The error function that we are going to be using is the simple yet quite popular Sum Squared Error (SSE) function, described below:

Fig.2: The Sum Squared Error (SSE) function that we will be using for our simple neural network depicted in Fig.1

Note that the error is obviously a function of the input training data as well, and not just the weights! However, we tend to consider the weights in our mathematical representation of the error function, as these weights are the ones that we could alter and tune to minimize the error, while we don’t have the same control over our training data. Note that in Fig.2, D is our entire training data, and the error could be explained as the following, in a more intuitive fashion:

For any given set of weights, the SSE error function measures the sum of squares of difference of the output of the model and the ground truth, across the entire training set D. The whole thing is divided by 2, for mathematical convenience (I will tell you why in later posts)

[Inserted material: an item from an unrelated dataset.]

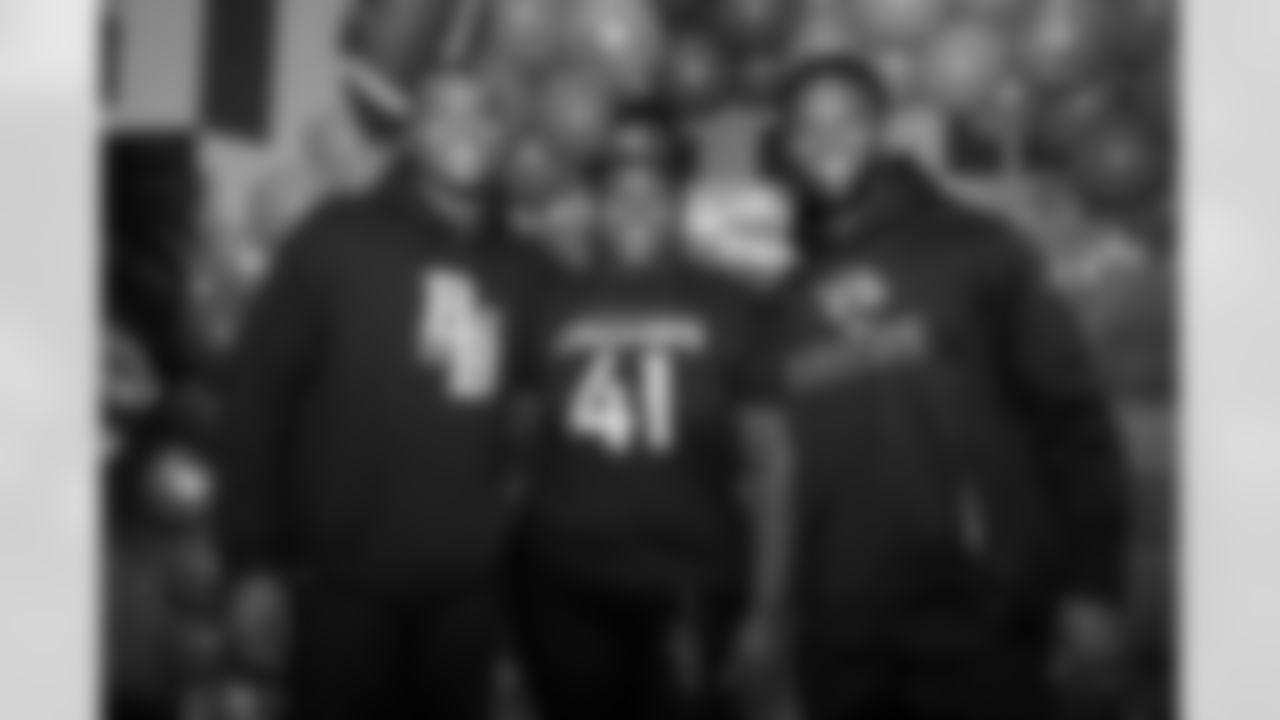 2022_1122_JoshTravonYetDinner_054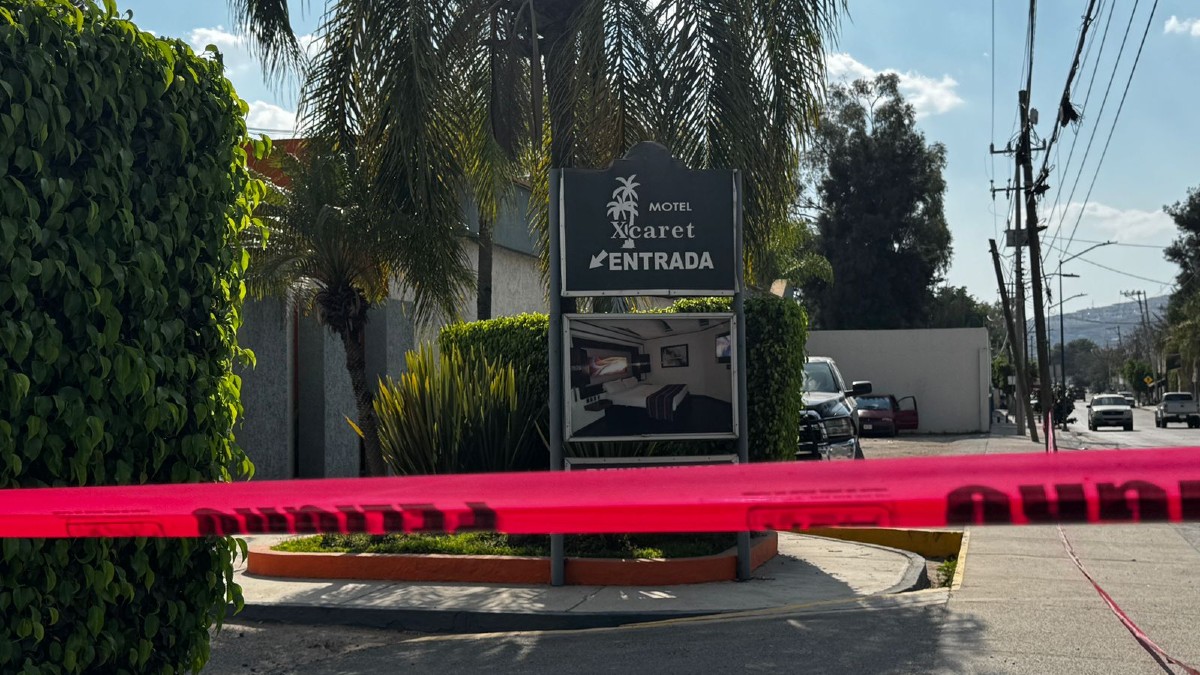 Autoridades acordonaron el motel en Tlaquepaque tras el hallazgo de una mujer sin vida | Foto: Usi Toledo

How Could Gradient Descent Help Find the Minimum?

In Fig.3 below, you can see the plooted surface of our SSE error function for a synthetic dataset, across a wide range of possible weight values for our simple neural network, depicted in Fig.1. You can see that it clearly has a global minimum, and that minimum my friends, happens at a specific value for w0 and a specific value for w1. Any other value for w0 and w1 would correspond to a higher error value on the error surface. Note that while training a neural network, we rarely have a nice behaving error surface such as this one. It tends to be wobbly with loads of local maximums and and minimums. However, this is not the topic of this post ;-). It is important, for now, to appreciate the fact that:

Given the way we have defined the error function, for linear units, the error surface is always a parabolic with a single global minimum.

Typically, before gradient descent would start to even explore the hypothesis space of possible weights for the neural network, we would have to initialize our weights to some random values. Let’s say we have chosen the values -5.0 and -10 for w0 and w1 respectively. Notice Point A in Fig.3, on the W0-W1 plain which corresponds to this randomly initialized set of weights. The corresponding error, on the error surface reads a value almost close to 3000 (Ignore the little arrows and other stuff for now ;-)). Here is the question:

How should I change w0 and w1, so that the error would reduce the fastest? What is the direction of this steepest descent in error?

Gradient Descent, searches the hypothesis space of possible weights (i.e., the W0-W1 plain), and finds the direction of the steepest descent in your error, and tells you how much you need to change all of your weights, so that with your new set of weights, you will have had the steepest decrease in your error from the initial old value (3000). The result is moving from Point A to Point B in fig.3. So, after gradient descent took 1 step of optimization, the new set of weights at Point B would be almost 0.0 for w0 and lamost -9.0 for w1. You can see that the new value for error has dropped to nearly 2500. As gradient descent would take more and more steps of finding the direction of steepest descent on in the error surface, the parameters of the model keep updating and updating, until we reach the global minimum. You can see the same error surface from top and bottom views in Fig.4, and Fig.5, respectively.

Fig.3: Side view of the Sum Squared Error Function. See how Gradient Descent determines the direction of the steepest descent in error, starting at Point A, and determines the new values of our weights at Point B.

Fig.4: Top view of the Sum Squared Error Function. This gives you a more clear idea as to how Gradient Descent modifies our weights in the same direction of the steepest descent on the error surface.

Fig.5: Bottom view of the Sum Squared Error Function.

Conclusions

In this post, without going too much into the details of the Gradient Descent algorithm, we learned that Gradient Descent searches the hypothesis space of the parameters (i.e., the weights of the neural networks in this case), and it keeps changing the parameters in a way that we would have the steepest reduction in the error at any step of the optimization. So, in conclusion, we can say that:

Given an initial set of random weight values, Gradient Descent finds a weight vector that minimizes the error. We have to know that Gradient Descent is a repetitive search algorithm that at each step, it strives to modify the weights in the direction of the steepest descent in error, along the error surface shown in Fig.3

I do hope that this has been informative for you,

Until next time, on behalf of MLDawn,

Take care 😉